» WHAT YOU WILL DO
In the following listing, find the lines containing "Conselho" and report them.

» RECORDED INFORMATION
##############################
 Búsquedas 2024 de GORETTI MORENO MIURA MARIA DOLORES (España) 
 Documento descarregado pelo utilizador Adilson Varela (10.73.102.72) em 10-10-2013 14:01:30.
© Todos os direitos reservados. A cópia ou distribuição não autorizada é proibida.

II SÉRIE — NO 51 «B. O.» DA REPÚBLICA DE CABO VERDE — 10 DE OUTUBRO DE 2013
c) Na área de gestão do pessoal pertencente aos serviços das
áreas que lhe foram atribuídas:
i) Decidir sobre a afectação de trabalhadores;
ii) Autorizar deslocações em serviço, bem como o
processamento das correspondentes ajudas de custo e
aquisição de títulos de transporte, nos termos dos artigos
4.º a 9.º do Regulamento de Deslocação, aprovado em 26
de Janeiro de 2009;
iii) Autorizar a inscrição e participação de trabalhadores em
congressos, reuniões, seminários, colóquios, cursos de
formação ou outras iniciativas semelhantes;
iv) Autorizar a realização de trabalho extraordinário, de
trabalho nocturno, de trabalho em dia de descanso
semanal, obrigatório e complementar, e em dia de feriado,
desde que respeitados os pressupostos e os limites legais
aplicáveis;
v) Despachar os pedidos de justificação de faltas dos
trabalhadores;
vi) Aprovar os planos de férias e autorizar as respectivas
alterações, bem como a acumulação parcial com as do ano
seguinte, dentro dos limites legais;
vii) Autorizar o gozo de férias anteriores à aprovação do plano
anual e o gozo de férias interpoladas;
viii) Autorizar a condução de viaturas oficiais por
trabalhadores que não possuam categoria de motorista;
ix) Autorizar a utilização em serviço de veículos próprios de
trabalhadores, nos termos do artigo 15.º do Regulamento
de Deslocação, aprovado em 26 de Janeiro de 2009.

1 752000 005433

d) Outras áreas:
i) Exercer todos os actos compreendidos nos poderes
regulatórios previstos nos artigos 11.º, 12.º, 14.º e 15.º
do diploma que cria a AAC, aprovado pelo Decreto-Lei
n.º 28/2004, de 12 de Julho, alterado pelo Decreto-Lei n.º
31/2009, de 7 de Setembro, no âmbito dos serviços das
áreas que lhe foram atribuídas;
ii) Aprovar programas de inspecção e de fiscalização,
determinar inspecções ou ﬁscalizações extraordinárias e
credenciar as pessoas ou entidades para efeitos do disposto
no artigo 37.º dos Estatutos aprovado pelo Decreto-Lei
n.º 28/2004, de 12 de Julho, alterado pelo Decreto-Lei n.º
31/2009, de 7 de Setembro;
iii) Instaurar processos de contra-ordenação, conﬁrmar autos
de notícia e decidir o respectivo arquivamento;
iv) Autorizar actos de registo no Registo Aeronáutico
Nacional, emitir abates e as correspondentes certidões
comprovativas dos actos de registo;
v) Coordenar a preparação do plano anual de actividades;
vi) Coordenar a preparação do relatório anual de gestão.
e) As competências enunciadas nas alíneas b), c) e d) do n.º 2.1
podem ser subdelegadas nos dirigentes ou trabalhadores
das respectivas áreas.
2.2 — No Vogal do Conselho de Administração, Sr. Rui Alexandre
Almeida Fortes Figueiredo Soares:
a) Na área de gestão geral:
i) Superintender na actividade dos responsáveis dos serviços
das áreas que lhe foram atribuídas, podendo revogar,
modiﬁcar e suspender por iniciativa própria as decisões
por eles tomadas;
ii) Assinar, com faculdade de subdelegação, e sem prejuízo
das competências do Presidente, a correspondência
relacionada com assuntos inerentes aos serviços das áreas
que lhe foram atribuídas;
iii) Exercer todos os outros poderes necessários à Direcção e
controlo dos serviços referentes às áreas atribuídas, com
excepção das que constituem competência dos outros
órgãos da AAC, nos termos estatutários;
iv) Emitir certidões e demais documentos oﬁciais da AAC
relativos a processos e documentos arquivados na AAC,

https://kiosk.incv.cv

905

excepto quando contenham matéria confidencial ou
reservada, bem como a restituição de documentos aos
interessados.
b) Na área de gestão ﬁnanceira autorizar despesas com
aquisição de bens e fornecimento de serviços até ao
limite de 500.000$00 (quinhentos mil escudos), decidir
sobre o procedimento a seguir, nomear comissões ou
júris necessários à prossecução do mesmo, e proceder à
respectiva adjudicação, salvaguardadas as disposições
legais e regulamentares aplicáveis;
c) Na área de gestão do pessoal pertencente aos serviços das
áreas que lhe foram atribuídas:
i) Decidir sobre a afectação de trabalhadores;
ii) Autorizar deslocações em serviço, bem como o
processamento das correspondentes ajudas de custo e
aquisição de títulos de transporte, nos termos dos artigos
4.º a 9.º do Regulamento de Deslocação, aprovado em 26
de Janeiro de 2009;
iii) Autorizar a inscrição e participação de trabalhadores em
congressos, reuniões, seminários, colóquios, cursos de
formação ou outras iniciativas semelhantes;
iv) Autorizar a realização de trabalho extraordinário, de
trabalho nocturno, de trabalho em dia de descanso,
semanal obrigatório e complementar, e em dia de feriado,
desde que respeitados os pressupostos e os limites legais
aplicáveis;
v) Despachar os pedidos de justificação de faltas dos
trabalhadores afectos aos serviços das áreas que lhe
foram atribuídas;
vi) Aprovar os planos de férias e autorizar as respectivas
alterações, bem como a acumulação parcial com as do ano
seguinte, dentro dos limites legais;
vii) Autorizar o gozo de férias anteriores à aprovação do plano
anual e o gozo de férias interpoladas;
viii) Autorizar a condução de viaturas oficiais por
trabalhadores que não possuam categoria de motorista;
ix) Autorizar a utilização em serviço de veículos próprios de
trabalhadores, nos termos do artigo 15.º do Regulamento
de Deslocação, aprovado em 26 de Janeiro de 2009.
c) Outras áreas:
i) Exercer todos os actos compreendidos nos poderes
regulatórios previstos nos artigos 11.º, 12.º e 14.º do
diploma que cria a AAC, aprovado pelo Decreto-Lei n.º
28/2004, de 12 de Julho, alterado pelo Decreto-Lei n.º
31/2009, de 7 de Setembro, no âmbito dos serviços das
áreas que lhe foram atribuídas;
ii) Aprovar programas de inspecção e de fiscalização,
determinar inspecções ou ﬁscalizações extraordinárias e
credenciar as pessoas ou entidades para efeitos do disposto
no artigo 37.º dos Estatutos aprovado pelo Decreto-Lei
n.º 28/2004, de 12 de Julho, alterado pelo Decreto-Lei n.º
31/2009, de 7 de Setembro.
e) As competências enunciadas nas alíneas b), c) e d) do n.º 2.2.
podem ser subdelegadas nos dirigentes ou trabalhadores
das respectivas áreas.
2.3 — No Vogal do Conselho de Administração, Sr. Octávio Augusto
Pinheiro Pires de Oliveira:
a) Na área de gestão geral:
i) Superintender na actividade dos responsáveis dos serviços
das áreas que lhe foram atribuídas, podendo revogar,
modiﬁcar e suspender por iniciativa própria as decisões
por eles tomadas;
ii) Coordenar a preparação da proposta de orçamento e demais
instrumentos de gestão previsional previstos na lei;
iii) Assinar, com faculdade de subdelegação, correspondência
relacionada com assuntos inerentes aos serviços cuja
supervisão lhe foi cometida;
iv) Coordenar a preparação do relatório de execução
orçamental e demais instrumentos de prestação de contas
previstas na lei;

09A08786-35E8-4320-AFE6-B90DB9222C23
##############################
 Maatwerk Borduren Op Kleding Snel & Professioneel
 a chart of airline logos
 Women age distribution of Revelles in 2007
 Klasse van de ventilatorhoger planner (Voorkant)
##############################
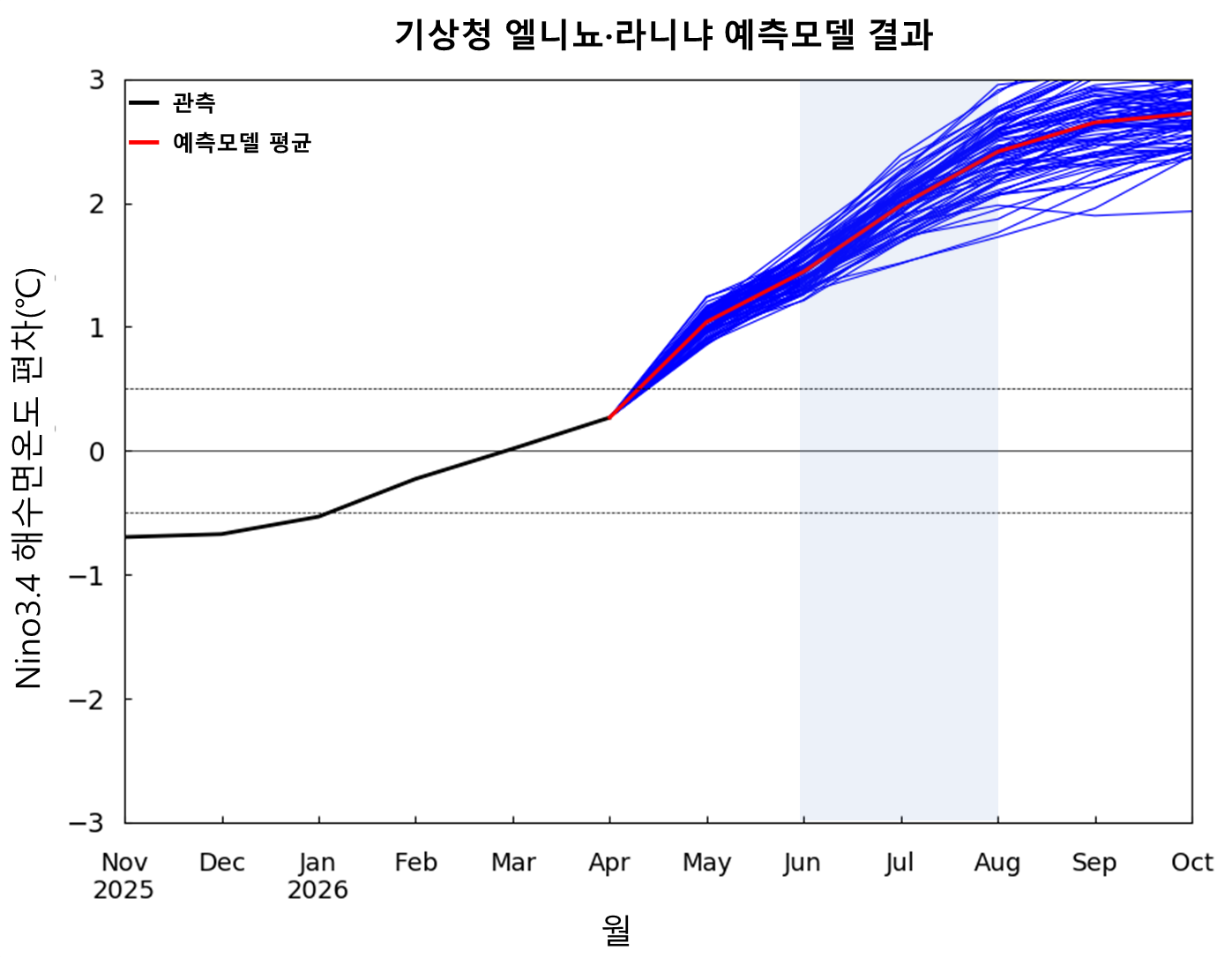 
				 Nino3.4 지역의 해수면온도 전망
##############################
» ANSWER TO THE EXERCISE
2.2 — No Vogal do Conselho de Administração, Sr. Rui Alexandre
2.3 — No Vogal do Conselho de Administração, Sr. Octávio Augusto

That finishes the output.